Thank you for your help
Hi @mleprovost , thank you for your kind words.
I don't think there is an existing method for getting the matrix.
As a quick fix, you can use this branch #31, like this:
using ExactODEReduction
odes = @ODEsystem(
x1'(t) = x1^2 + 2x1*x2,
x2'(t) = x2^2 + x3 + x4,
x3'(t) = x2 + x4,
x4'(t) = x1 + x3
)
reductions = find_reductions(odes)
red1 = reductions[1]
red1.lumping_matrix
# prints
2×4 Matrix{Any}:
1 1 0 0
0 0 1 1It can fail for some cases, we will perhaps fix it over the weekend :^).
Can we also get the linear combinations of the old variables which are conserved?
If I understand your question correctly, you can take the rows of the matrix.
Feel free to let me know if you have other questions.
Awesome, thank you.
Let me rephrase my second question:
I am interested in finding the linear conserved quantities of a system of ODEs.
Can we use ExactODEReduction.jl to find linear combinations of the original variables which have zero dynamics?
In the example above:
We complete the rows of L with the matrix Lcomplement = [1 -1 0 0; 0 0 -1 1] to form a basis of R^4
Can we say that the new variables y_invariant = Lcomplement times x have zero dynamics i.e. d(Lcomplement*x)/dt = 0?
Ah, I see, thanks for the clarification.
I have merged #31, together with a very simple function for finding linear conservation laws:
using ExactODEReduction
ode = @ODEsystem(
x1'(t) = x1 + x2*x3,
x2'(t) = x2*x3 + x3,
x3'(t) = x1 - x3,
)
ExactODEReduction.find_conservation_laws(ode)
# returns
1-element Vector{Any}:
(basis = Nemo.fmpq_mpoly[x1, x2, x3], matrix = [-1 1 1], law = Nemo.fmpq_mpoly[-x1 + x2 + x3])Let me know if that's what you were asking about.
In the example above:
We complete the rows of L with the matrix Lcomplement = [1 -1 0 0; 0 0 -1 1] to form a basis of R^4
I don't think a complement will have zero dynamics in general.
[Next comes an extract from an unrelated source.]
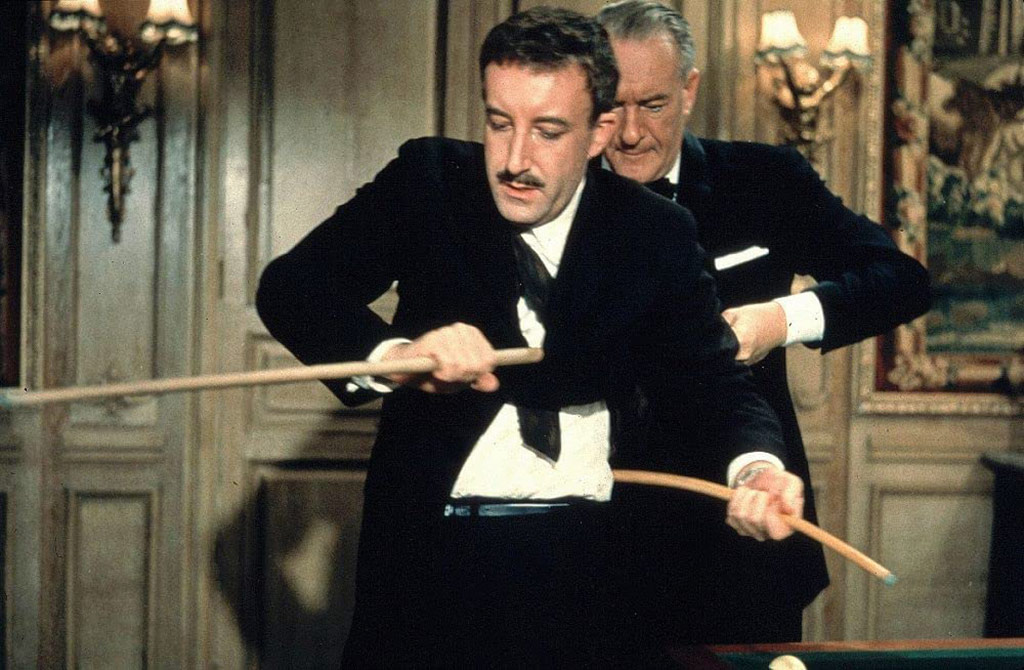 Peter Sellers, George Sanders dans Quand l'inspecteur s'emmêle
In fact, in the matrix L itself, some of the rows may correspond to quantities with zero dynamics in the standard basis, but this is not guaranteed.
That's awesome, thank you so much for your help! What is the best way to cite this package and your work on this topic?
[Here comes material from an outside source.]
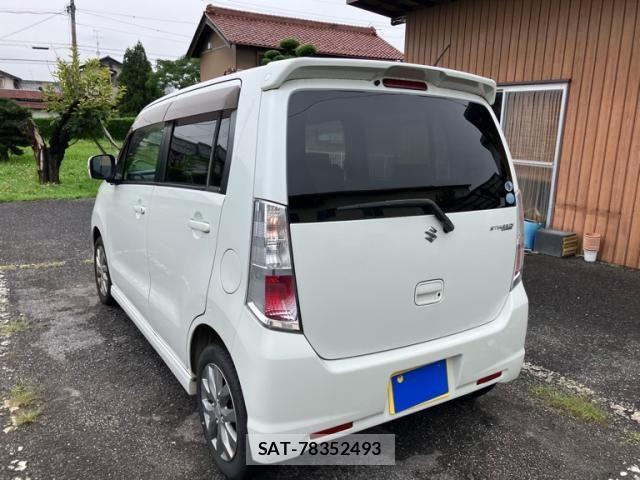 Suzuki WAGON R 2010-12 8318213-4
You can cite this paper :-)
@article{DDP24,
title = {Exact hierarchical reductions of dynamical models via linear transformations},
journal = {Communications in Nonlinear Science and Numerical Simulation},
volume = {131},
pages = {107816},
year = {2024},
issn = {1007-5704},
doi = {https://doi.org/10.1016/j.cnsns.2024.107816},
url = {https://www.sciencedirect.com/science/article/pii/S1007570424000029},
author = {Alexander Demin and Elizaveta Demitraki and Gleb Pogudin},
keywords = {Ordinary differential equations, Exact reduction, Lumping, Dimensionality reduction, Matrix algebras},
abstract = {Dynamical models described by ordinary differential equations (ODEs) are a fundamental tool in the sciences and engineering. Exact reduction aims at producing a lower-dimensional model in which each macro-variable can be directly related to the original variables, and it is thus a natural step towards the model’s formal analysis and mechanistic understanding. We present an algorithm which, given a polynomial ODE model, computes a longest possible chain of exact linear reductions of the model such that each reduction refines the previous one, thus giving a user control of the level of detail preserved by the reduction. This significantly generalizes over the existing approaches which compute only the reduction of the lowest dimension subject to an approach-specific constraint. The algorithm reduces finding exact linear reductions to a question about representations of finite-dimensional algebras. We provide an implementation of the algorithm, demonstrate its performance on a set of benchmarks, and illustrate the applicability via case studies. Our implementation is freely available at https://github.com/x3042/ExactODEReduction.jl.}
}
Out of curiosity, do you use these linear reductions in some application ?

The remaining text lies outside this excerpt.